See Field Rules (Rules Engine) for how to open the field configuration:

  • From the document overlay (supported services), or
  • From the Fields panel on the right sidebar.

Configure the Lookup enhancement

Core controls

  • Dictionary Lookup Method
    Choose the matching strategy (exact or fuzzy) from the dropdown.
  • Use case sensitive lookup
    Enforce case-sensitive comparisons when toggled on.
  • Override confidence
    Replace the field’s OCR confidence with the lookup match confidence (recommended for deterministic vocabularies).
  • Minimum lookup confidence
    The minimum confidence required for a match to be accepted. Values below this threshold are treated as no-match and can trigger HITL.

Dictionary data

  • Dictionary Lookup Configuration
    Provide the allowed values (one per row). This is your canonical set; the selected match will be used to override the field value.

Matching methods

Aligned with DictionaryLookupMethod:

  • Exact
    Input must match a dictionary entry character-for-character (optionally case-sensitive if enabled). Best for already-clean identifiers.

  • LevenshteinDistance
    Fuzzy matching using edit distance (insertions, deletions, substitutions). Works well with OCR or user-entered text that may include typos.
    Guidance: start Minimum lookup confidence at 0.80–0.90 and tune with samples.

  • HammingDistance
    Fuzzy matching for equal-length strings that differ by substitutions only. Ideal for fixed-length codes after normalization (padding/trim to equal length).

  • RegEx
    Match input against regular-expression patterns. Useful for grouping patterns or enforcing shapes, then mapping to a canonical entry.

  • JaroWinkler
    Fuzzy matching optimized for short strings and transpositions (names, short labels).

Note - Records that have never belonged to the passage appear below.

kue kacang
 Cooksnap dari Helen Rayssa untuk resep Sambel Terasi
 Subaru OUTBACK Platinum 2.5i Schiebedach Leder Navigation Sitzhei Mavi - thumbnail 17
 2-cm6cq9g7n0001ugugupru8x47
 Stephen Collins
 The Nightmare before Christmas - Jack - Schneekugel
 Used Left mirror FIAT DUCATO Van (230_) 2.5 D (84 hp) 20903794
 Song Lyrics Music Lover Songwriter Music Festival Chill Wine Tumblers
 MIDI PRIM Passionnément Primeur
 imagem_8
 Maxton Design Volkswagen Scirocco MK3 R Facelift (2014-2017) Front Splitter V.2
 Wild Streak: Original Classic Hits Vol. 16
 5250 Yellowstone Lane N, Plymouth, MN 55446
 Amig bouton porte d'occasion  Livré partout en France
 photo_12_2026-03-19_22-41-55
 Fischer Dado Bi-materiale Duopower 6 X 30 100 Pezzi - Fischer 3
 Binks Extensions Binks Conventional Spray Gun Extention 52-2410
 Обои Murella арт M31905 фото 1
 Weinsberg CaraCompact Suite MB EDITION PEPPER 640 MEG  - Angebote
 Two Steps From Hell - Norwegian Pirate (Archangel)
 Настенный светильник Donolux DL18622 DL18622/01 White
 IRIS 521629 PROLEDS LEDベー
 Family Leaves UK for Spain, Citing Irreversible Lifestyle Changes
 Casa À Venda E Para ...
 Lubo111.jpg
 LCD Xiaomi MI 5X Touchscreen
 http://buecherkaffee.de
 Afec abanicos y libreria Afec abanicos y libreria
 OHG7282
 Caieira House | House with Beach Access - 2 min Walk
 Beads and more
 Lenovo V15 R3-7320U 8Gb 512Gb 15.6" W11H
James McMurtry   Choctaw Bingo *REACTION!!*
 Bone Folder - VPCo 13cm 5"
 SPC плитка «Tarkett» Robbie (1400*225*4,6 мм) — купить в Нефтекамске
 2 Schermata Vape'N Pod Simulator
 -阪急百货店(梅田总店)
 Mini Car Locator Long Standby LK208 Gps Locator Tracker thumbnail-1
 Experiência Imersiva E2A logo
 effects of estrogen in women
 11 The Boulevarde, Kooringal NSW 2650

Often more tolerant of near-miss character swaps than pure edit distance.
    Guidance: start Minimum lookup confidence ~0.85 and adjust.

  • None
    Disables lookup; useful for A/B comparisons or when lookups are temporarily off.

Choosing a method

  • IDs/codes: Exact or HammingDistance (equal-length)
  • Noisy labels/names: JaroWinkler or LevenshteinDistance
  • Patterned inputs: RegEx (then map to a canonical)

Input preparation and normalization

  • Trim whitespace and normalize internal spacing before lookup.
  • Unify casing (unless case matters and you’ve enabled case-sensitive lookup).
  • Remove known prefixes/suffixes via Replacements (e.g., β€œDept: ”) before Lookup.
  • For HammingDistance, ensure strings are the same length (pad/trim consistently).

Ambiguity and ties

If multiple dictionary entries score equally (within your tolerance), treat as ambiguous. Prefer HITL or add disambiguation rules (e.g., secondary pattern, region filter).


Confidence handling

  • Minimum lookup confidence
    • Below threshold: treat as no-match (do not override value).
    • At/above threshold: accept and override value with the matched dictionary entry.
  • Override confidence (toggle)
    • On: set field confidence to the lookup’s confidence.
    • Off: retain OCR confidence (and optionally store lookup confidence in metadata).

Why override confidence?

When a match is deterministic (Exact/Hamming or a high-confidence fuzzy match), using the lookup confidence provides a more meaningful signal to downstream steps than OCR confidence.


Output and formatting

  • Field value: replaced with the matched dictionary entry (canonical form).
  • Confidence: optionally overridden by the lookup confidence (toggle).
  • Metadata: you may store additional details (e.g., chosen method, score) if your workflow benefits from auditability.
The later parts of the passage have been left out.